In the entries below, find the line with "Iquique: Mujer acusada" and the line with "5721 SOLDIER CIR #105". Reproduce those two lines and every line between them exactly, and nothing more.

---------- MATERIAL FOR THIS TASK

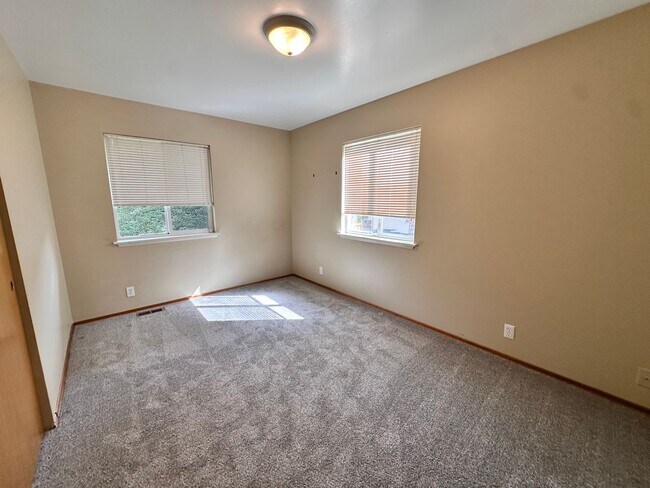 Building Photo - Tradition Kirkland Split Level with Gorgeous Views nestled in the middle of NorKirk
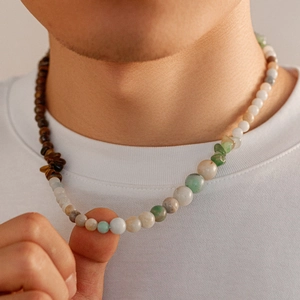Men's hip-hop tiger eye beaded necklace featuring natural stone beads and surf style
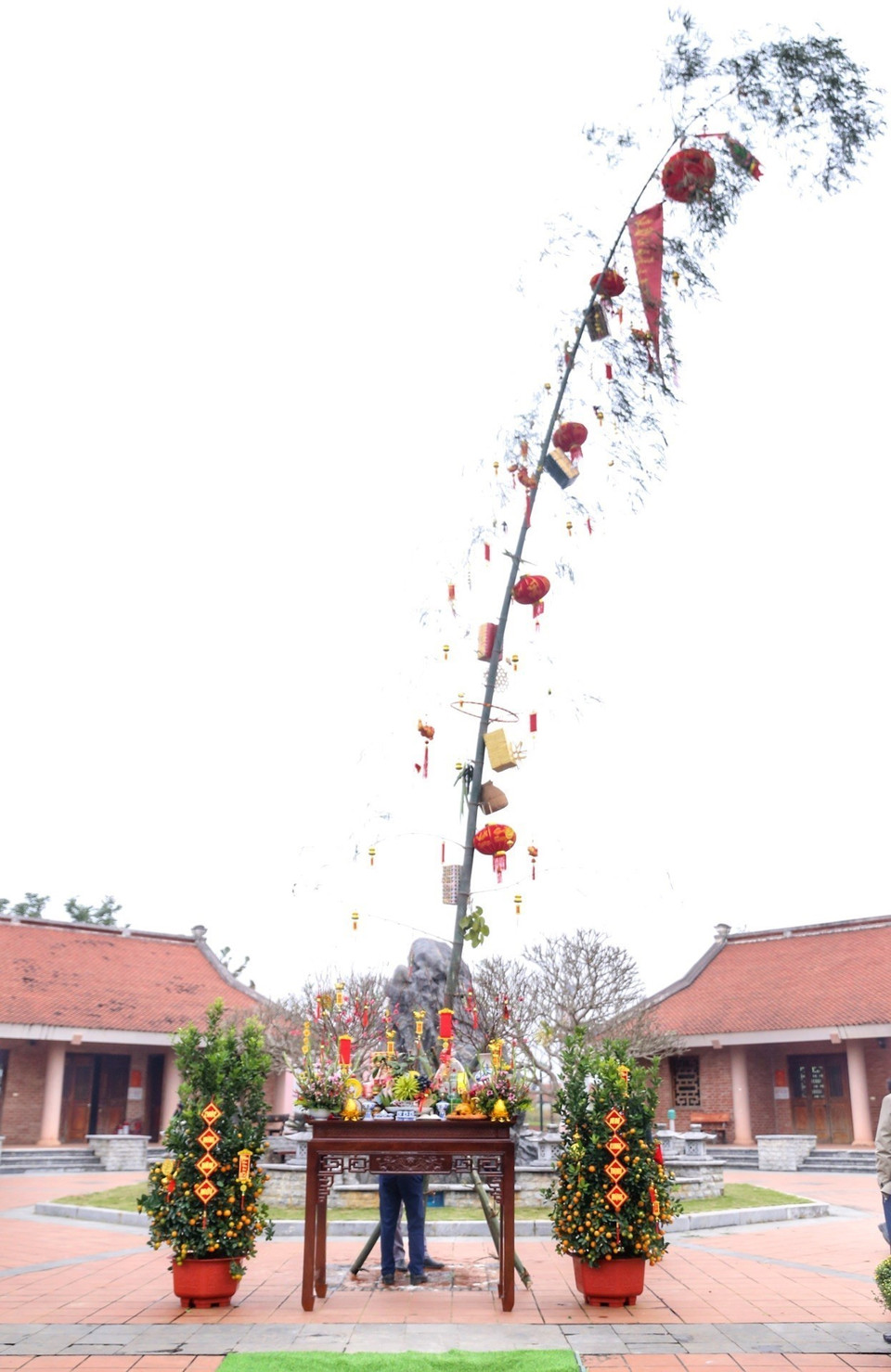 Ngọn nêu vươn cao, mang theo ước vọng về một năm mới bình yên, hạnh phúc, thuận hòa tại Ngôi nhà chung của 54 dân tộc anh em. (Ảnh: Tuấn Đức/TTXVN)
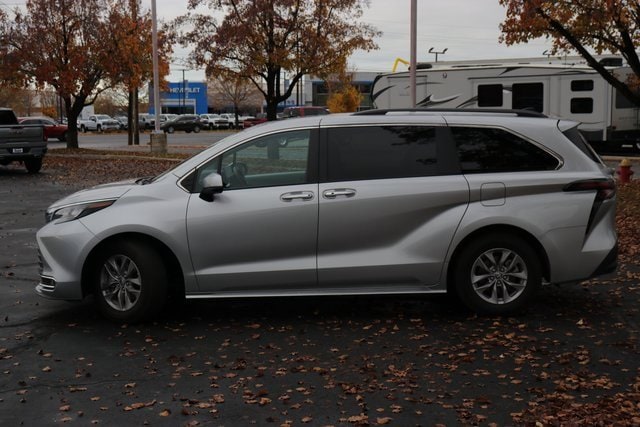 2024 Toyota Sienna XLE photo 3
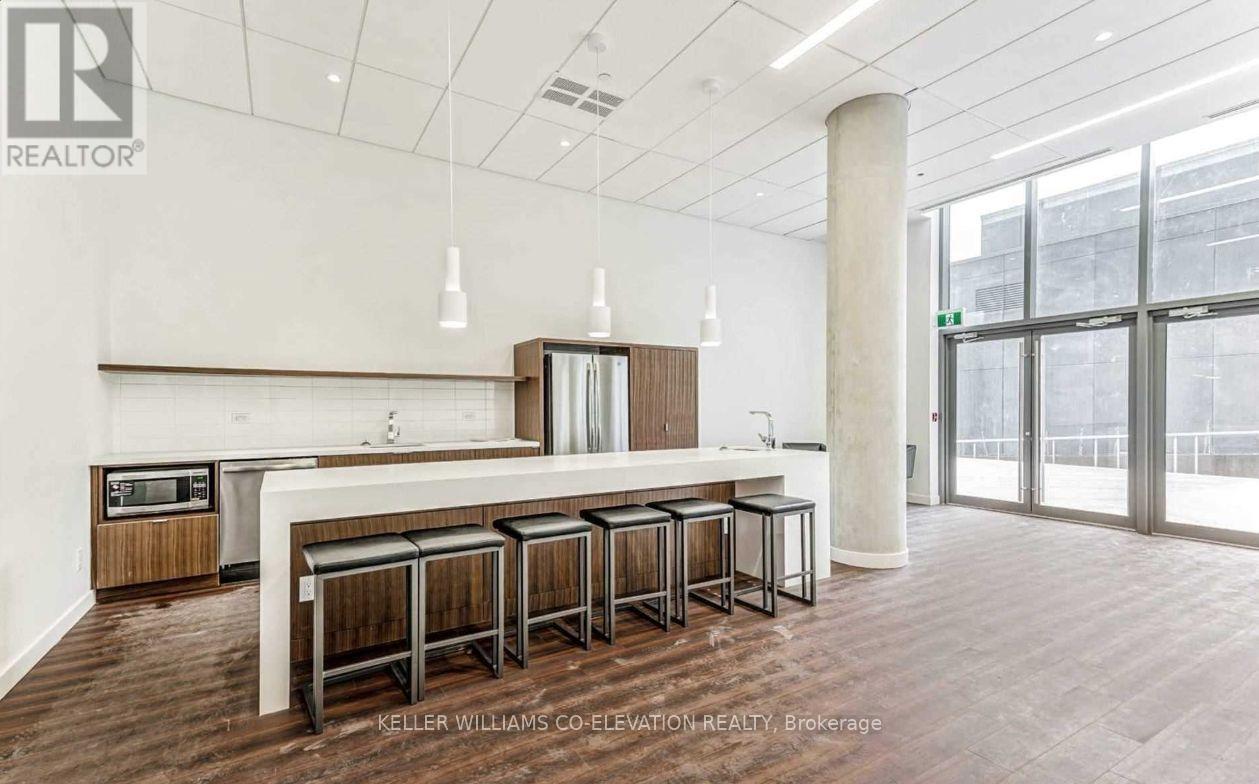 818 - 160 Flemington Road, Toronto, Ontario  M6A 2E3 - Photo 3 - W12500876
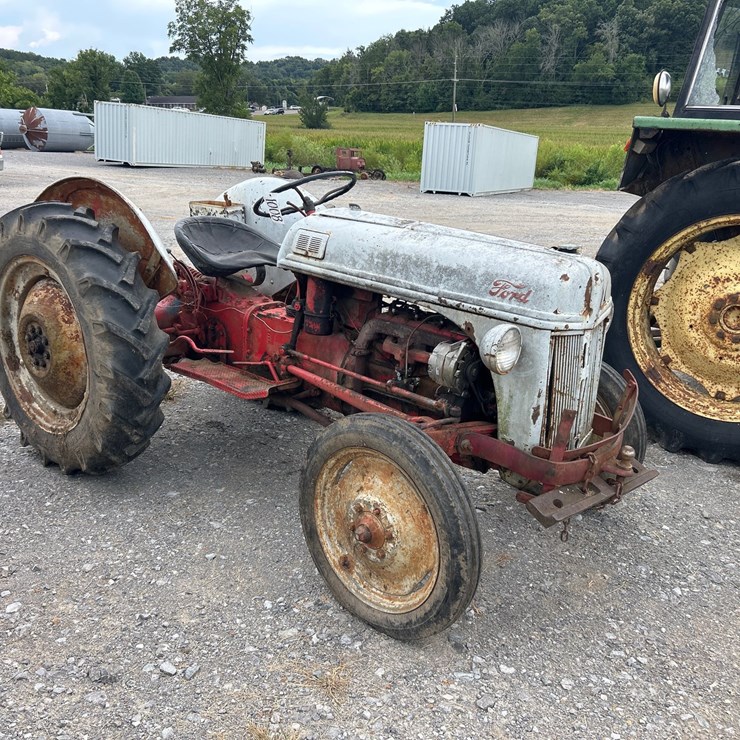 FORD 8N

--------------------
---------- MATERIAL FOR THIS TASK

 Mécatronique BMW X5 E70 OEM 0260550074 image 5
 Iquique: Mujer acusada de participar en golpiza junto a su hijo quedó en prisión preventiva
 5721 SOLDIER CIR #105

--------------------

**TASK RESULT**
 Iquique: Mujer acusada de participar en golpiza junto a su hijo quedó en prisión preventiva
 5721 SOLDIER CIR #105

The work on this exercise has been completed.